Sin cortarse mucho, mi tío emprendió un reportaje
fotográfico del interior: un amplio salón abovedado, la rotonda de la cúpula,
los suelos en forma de estrella con mármol de diversos colores, salones de paso
espectaculares, muebles dorados con cojines de seda, la sala del billar,
trofeos cinegéticos, escaleras de película... sin olvidar los cuartos de baño.
El restaurante daba a un jardín apacible con un pequeño pabellón blanco. Los árboles impedían una perspectiva más amplia.
El maitre estaba sacado de una película inglesa de época. Era como un mayordomo británico vestido a la forma de Rajastán, con achkar, la casaca larga de los nobles, y un turbante que se prolongaba en una larga tira casi hasta el suelo. Con unos modales exquisitos y olvidándose de nuestro aspecto turístico y sudado, se ofreció a aconsejarnos. A mi tío le dio una coba digna de la película de Pretty woman y charlaron informalmente sobre lo más conveniente para su vientre aún soliviantado. Nos sirvió las cervezas como si fuera champán francés.

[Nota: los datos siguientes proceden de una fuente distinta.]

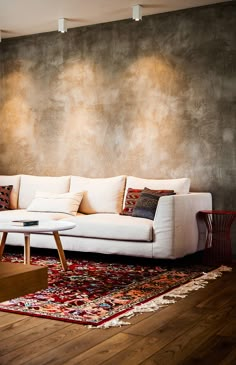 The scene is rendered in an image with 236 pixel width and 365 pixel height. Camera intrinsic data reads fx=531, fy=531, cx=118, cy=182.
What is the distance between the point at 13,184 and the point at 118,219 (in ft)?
6.42

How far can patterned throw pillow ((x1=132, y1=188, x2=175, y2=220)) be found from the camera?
5188 mm

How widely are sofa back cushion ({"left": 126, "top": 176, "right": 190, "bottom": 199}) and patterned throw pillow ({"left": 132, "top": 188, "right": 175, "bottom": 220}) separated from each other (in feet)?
0.47

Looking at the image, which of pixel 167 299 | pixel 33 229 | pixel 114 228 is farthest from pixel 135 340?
pixel 114 228

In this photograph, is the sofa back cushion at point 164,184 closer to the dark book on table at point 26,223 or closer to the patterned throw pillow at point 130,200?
the patterned throw pillow at point 130,200

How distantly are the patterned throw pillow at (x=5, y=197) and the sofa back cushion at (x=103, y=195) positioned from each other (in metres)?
0.93

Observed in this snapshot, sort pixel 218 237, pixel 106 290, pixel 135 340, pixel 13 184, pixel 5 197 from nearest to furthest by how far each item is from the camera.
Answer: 1. pixel 135 340
2. pixel 106 290
3. pixel 218 237
4. pixel 5 197
5. pixel 13 184

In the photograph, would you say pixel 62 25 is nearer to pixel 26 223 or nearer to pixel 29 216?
pixel 29 216

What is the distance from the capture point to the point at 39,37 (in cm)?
682

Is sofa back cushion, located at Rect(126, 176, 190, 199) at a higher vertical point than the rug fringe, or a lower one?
higher

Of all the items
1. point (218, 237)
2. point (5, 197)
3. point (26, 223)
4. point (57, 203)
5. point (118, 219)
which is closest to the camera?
point (26, 223)

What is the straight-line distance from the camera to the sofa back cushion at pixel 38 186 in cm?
623

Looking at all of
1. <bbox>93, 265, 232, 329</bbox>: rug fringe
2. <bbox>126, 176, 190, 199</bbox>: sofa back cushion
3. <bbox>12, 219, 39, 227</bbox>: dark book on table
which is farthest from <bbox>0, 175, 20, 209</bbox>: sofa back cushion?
<bbox>93, 265, 232, 329</bbox>: rug fringe

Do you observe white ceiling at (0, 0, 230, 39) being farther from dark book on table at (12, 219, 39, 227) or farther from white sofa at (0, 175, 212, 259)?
dark book on table at (12, 219, 39, 227)

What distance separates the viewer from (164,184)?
5.59 m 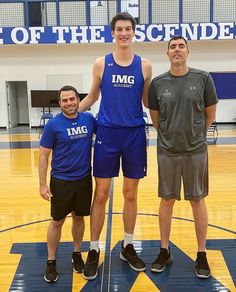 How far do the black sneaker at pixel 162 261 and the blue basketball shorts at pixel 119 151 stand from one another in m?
0.69

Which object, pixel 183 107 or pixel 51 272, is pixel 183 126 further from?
pixel 51 272

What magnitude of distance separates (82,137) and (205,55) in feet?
41.9

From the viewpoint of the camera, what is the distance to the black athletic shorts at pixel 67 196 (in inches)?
110

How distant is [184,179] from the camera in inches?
113

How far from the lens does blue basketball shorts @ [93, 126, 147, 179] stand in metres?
2.87

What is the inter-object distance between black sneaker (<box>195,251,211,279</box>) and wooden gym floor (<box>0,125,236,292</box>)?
49 millimetres

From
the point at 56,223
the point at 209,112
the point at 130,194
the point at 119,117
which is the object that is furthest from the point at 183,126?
the point at 56,223

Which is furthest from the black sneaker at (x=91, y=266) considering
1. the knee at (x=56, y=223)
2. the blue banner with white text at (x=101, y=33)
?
the blue banner with white text at (x=101, y=33)

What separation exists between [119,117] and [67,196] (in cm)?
73

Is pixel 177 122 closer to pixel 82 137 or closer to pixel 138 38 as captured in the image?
pixel 82 137

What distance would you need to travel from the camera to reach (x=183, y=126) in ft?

Los aperitivos consistieron en una variedad de pollo suave y gustoso sobre pan de espinacas que completamos con confit de pollo y un steak. A ratos perfectamente estudiados se acercaba el mayordomo a pedir nuestra conformidad al servicio, infinitamente menos lento que en otras ocasiones. La cadencia era fruto del lugar y del ritual. No se debe servir a los invitados del príncipe con prisas. Deben sentirse como reyes. Las flores, strelitzias, aves del paraíso, eran dignas del escenario.
Dimos un paseo por el interior. Si había algún huésped estaba en su habitación o en la ciudad porque sólo nos cruzamos con personal del hotel. Pocas ganas nos quedaban para visitar el museo. Necesitábamos una siesta.